I really wonder, maybe I was wrong to ask my question here, or the topic isn't interesting, or I need to clarify something. So many people viewed the post and not a single answer? Redirect me, please, to the thread where I could get any practical help if I got the wrong way asking here.

----------


## Charles Darnay

It's an interesting question - and a fair one.

I am a big Jethro Tull fan, but never gave much consideration to Under Wraps as an album or this song. I have also never tried to take the lyrics too literally: while they are brilliant, they are often more random than representative.

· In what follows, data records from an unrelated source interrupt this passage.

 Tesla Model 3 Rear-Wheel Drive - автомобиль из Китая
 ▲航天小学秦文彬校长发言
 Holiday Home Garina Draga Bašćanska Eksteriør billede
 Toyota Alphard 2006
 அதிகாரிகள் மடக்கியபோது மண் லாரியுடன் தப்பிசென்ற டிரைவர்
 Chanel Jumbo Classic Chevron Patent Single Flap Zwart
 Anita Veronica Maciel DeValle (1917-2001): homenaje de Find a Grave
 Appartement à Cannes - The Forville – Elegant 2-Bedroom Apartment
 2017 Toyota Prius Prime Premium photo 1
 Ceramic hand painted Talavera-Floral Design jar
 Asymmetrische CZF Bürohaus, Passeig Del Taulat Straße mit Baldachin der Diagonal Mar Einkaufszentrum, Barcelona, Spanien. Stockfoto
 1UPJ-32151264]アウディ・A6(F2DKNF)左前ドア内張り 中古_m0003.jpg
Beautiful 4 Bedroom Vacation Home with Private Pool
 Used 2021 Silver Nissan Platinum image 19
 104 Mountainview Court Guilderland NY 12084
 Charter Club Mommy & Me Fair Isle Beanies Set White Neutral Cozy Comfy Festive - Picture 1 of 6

But the idea of hoisting the skull and bones, and sailing off away to a better shore is reflective of Tennyson (_Idylls of the King_) - that might be while he included the reference.

----------


## Sergey Beatoff

Charles Darnay, thank you for the answer.
I like Ian Anderson's lyrics. It's interesting not only to listen to it in the song form but also to read it as a piece of poetry. I agree, one shouldn'd try to take every image literarlly. But being not a native English speaker I'm interested in the origin of poetic images.

----------


## Eiseabhal

There's a half-hearted allusion to Ulysses probably in the reference to the old man and his crew. But really the lyrics are a random jumble of nonsense like most posturing pop. Gawd the bugger used to stand on one leg dressed like a tramp and tootle on a flute. Later he became a successful business man in Easter Ross

----------